Daring design alternatives and eye-catching extras rework a Midtown duplex

An outsized pendant in the eating area is from Arteriors. Drew and Janson commissioned the tailor made wooden table, and Shelby specified pottery from several artists to carry on the handmade glimpse.

Photograph by Christina Wedge

Wanting for clues about her new clientele, interior designer Shelby Adamson noticed some clever espresso-desk guides, a craftsman-constructed eating desk, and some Jonathan Adler add-ons in their Midtown home—all superior signs they have been on the similar webpage. “I quickly caught on to the actuality that they had a eager eye for superior-conclusion design and style, with a little bit of an edge,” she states. The newly married pair, Drew Standrod and Janson Morehead, confirmed they were all about including some wow factors and cited “West Coastline modern” as a guiding style—which was all music to Shelby’s ears. Their new white duplex was a blank slate, but the few experienced great art and light fixtures as a setting up stage.

Property owners (from left) Janson Morehead (a human-sources professional) and Drew Standrod (who operates in the tech sector) turned an unused bedroom into a multipurpose lounge room—grounding it in saturated shades and a beloved zebra photograph. Designer Shelby Adamson employed the linear pattern of zebra stripes as a jumping-off stage for just the suitable volume of pattern, adding striped components with the facet table and McGee & Co. rug. A sofa from CB2 is charcoal velvet.

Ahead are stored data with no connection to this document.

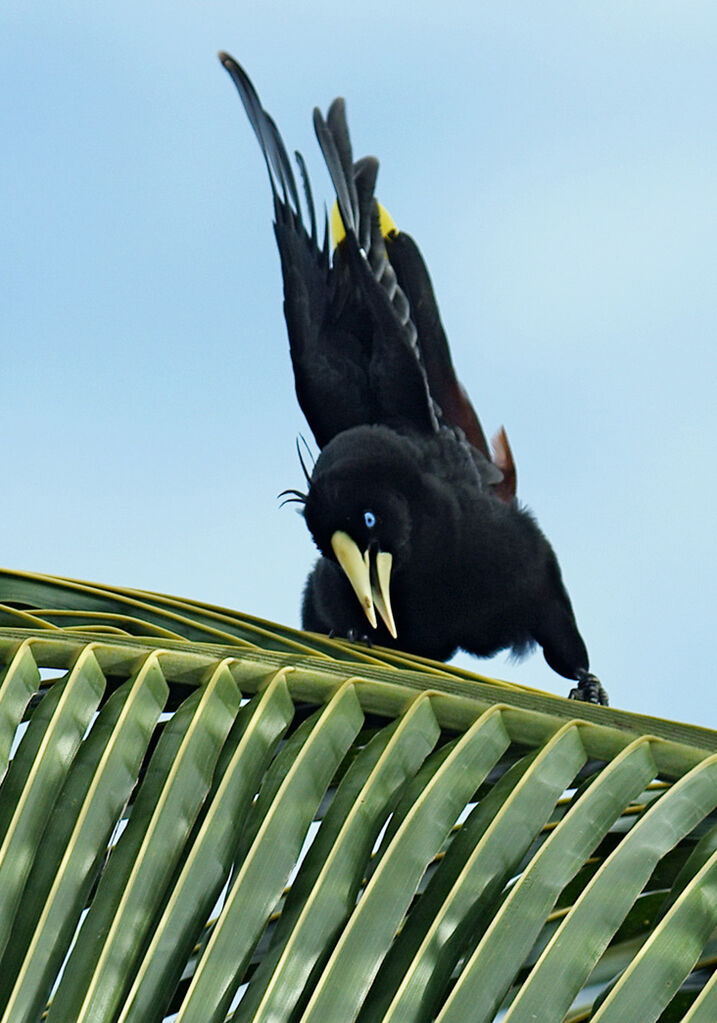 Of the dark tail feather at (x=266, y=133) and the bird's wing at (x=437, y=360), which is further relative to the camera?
the bird's wing at (x=437, y=360)

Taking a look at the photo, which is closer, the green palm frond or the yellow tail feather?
the green palm frond

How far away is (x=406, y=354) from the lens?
3.74 metres

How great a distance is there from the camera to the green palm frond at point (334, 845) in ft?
3.45

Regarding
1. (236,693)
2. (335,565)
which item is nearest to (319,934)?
(236,693)

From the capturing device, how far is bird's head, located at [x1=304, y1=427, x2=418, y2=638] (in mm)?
3418

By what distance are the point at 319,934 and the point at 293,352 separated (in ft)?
9.71

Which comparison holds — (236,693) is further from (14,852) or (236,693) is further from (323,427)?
(323,427)

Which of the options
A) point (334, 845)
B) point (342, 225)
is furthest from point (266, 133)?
point (334, 845)

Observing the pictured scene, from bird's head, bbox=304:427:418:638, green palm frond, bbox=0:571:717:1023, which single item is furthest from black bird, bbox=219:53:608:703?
green palm frond, bbox=0:571:717:1023

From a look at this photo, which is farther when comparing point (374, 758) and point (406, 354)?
point (406, 354)

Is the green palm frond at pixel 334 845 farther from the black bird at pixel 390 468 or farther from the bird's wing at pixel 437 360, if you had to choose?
the bird's wing at pixel 437 360

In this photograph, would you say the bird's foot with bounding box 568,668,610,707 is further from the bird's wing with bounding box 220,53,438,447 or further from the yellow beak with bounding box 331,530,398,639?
the bird's wing with bounding box 220,53,438,447

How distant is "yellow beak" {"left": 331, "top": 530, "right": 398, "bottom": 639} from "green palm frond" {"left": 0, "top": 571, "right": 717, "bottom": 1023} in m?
1.89

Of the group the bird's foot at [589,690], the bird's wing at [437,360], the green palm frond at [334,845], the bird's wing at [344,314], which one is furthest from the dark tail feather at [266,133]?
the green palm frond at [334,845] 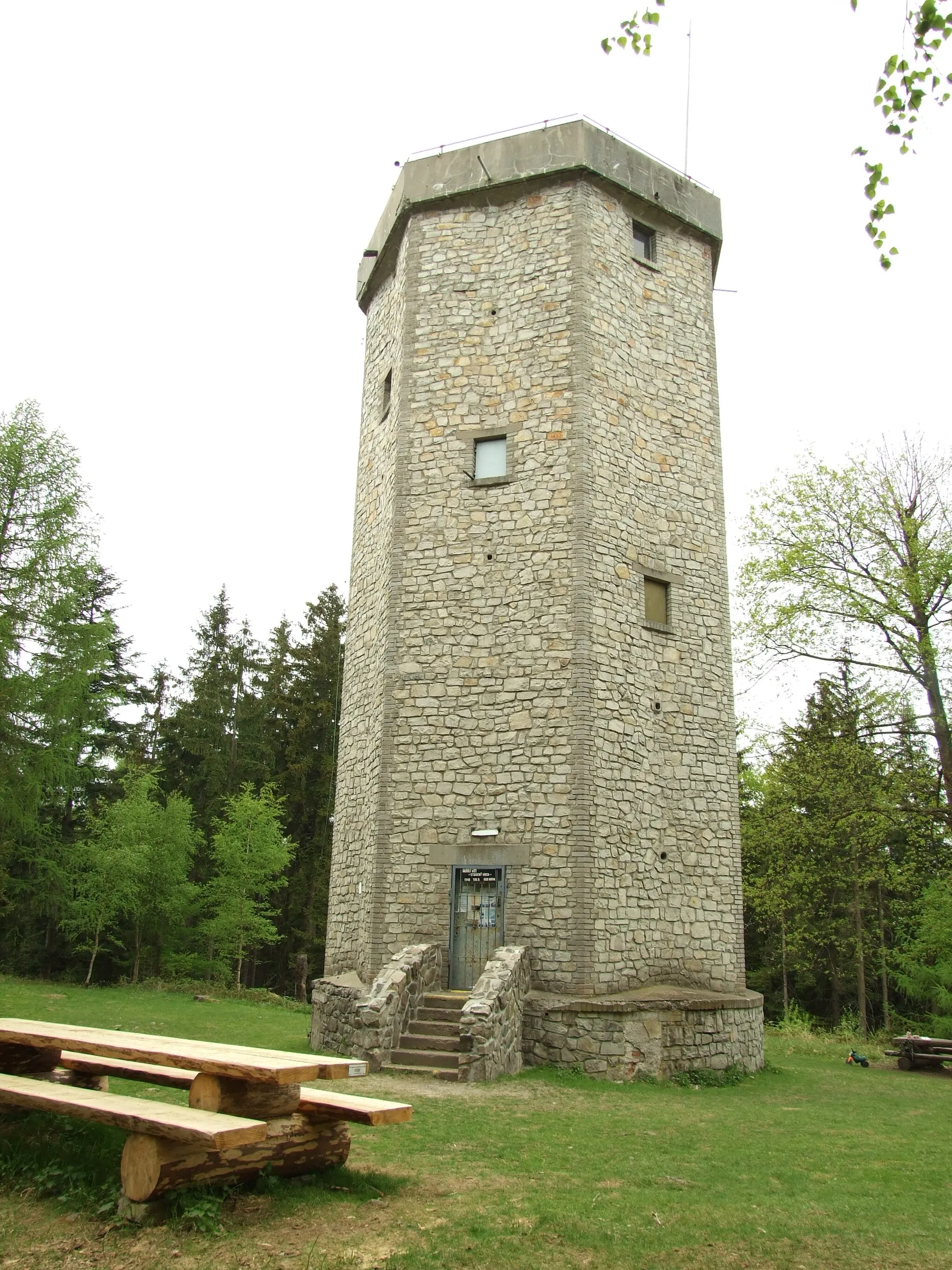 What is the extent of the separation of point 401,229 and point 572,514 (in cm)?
577

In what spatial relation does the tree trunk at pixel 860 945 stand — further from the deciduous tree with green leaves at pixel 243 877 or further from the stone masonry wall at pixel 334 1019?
the deciduous tree with green leaves at pixel 243 877

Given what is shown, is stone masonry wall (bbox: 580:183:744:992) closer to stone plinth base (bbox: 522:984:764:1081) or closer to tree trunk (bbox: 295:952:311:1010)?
stone plinth base (bbox: 522:984:764:1081)

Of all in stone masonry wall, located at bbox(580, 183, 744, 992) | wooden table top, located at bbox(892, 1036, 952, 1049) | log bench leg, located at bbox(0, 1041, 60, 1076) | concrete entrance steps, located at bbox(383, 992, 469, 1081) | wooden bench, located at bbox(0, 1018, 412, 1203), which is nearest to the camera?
wooden bench, located at bbox(0, 1018, 412, 1203)

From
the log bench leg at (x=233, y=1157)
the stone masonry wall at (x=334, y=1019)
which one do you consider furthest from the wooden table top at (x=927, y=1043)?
the log bench leg at (x=233, y=1157)

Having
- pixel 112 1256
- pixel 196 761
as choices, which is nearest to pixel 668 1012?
pixel 112 1256

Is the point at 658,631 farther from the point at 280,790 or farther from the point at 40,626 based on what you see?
the point at 280,790

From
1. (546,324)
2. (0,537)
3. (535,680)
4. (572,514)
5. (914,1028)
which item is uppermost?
(546,324)

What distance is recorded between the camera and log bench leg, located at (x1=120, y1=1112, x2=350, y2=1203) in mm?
4176

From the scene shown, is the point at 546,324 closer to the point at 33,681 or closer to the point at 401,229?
the point at 401,229

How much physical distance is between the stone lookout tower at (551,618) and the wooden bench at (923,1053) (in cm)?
328

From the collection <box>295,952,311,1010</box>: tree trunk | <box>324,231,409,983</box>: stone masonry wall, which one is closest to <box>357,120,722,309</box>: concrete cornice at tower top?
<box>324,231,409,983</box>: stone masonry wall

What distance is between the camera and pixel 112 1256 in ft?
12.7

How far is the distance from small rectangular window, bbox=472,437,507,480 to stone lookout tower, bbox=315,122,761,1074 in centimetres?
5

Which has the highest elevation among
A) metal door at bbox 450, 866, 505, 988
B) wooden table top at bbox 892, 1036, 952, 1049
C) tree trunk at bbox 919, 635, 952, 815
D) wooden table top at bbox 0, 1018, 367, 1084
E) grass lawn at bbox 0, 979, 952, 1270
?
tree trunk at bbox 919, 635, 952, 815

Photograph by Christina Wedge

Touches of teal
“Drew and Janson required their home to be ‘a moment’, and I consider we obtained that,” states Shelby, whose firm’s identify is Tiny Black Fox. An unused reward home offered the opportunity to paint walls in high-gloss teal (“Pacific Sea Teal” by Benjamin Moore). “This coloration generates the fantastic place to sit, have a cocktail, and put on some vinyl. It’s daring, but quietly so,” the designer adds. Other vital functions consist of matching teal curtains and a personalized window seat, all maintaining the zebra art as the focal place.

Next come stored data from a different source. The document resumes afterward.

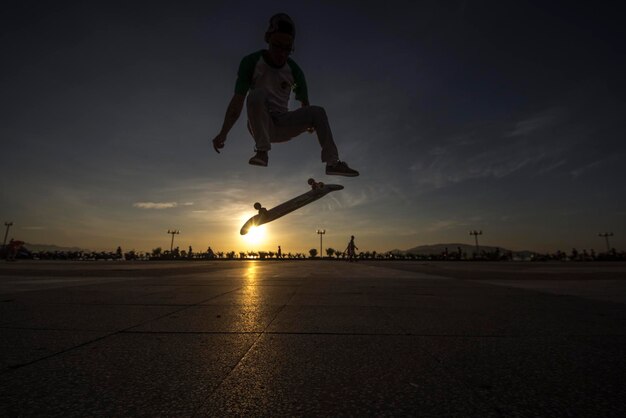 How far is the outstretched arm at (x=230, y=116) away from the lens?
438 cm

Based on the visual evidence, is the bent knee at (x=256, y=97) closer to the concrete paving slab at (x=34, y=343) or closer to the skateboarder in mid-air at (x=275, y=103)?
the skateboarder in mid-air at (x=275, y=103)

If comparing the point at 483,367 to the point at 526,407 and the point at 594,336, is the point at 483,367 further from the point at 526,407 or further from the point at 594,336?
the point at 594,336

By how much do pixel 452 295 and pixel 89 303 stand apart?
17.6 feet

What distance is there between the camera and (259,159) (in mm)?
4582

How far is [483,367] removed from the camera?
1.93 meters

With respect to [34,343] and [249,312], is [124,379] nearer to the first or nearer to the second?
[34,343]

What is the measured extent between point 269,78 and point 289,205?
8.10 ft

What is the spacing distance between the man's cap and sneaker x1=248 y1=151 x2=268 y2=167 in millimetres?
1543

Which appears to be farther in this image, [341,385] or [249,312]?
[249,312]

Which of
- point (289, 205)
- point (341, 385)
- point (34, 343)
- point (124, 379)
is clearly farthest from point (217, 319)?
point (289, 205)

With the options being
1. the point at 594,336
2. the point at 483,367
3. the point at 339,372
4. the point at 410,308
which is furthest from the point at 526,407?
the point at 410,308

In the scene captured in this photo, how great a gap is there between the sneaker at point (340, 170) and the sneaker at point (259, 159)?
97 cm

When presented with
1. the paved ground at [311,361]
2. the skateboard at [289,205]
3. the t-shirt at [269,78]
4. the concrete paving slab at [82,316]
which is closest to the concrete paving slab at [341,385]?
the paved ground at [311,361]

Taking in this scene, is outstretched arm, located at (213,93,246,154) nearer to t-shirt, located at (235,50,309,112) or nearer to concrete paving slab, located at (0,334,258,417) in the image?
t-shirt, located at (235,50,309,112)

Bold design choices and eye-catching accessories transform a Midtown duplex
Crisp white bedding with black trim from Restoration Components contrasts with black partitions in the key bedroom, even though a multicolored rug from Designer Rug Warehouse on the Westside ties everything with each other.

Photograph by Christina Wedge

Again to Black
“We wished to go daring in the primary bedroom, so we did so with some attractive artwork, and Sherwin Williams’ ‘Bohemian Black’ on the wall,” suggests the designer. “The house now feels complex and captivating.” Her assistance to everyone looking at a black bed room? Just do it. In this circumstance, white bedding with a black trim and a lighter rug vary the texture and distinction with the sultry walls. Continuing the concept, Shelby painted the kitchen island and hood black too.

Bold design choices and eye-catching accessories transform a Midtown duplex
Benjamin Moore’s “Rust” helps make a dynamic statement on the guest bedroom partitions and ceiling. Ceramic-and-textile wall artwork is by Brooklyn-primarily based Adelaide Veysseire. Chair is from Jayson Home, and lighting is Shades of Mild.

Photograph by Christina Wedge

Trust in Rust
To give new lifetime to a guest bed room with current furnishings, Shelby wrapped the home in a playful rust-orange stripe. A conceal rug and textural add-ons play up the earthy topic. As with other rooms, the couple needed extras and artwork to replicate their travels and interests. “One of their targets was to carry the essence of the boutique hotels they’ve frequented throughout the world, like the Chromata in Santorini, or the Zadun in Cabo, into their house,” states Shelby. “We wanted to capture that thought of every place reflecting the nearby taste along with substantial structure.”

This article appears in our Winter 2021 situation of Atlanta Magazine’s Home.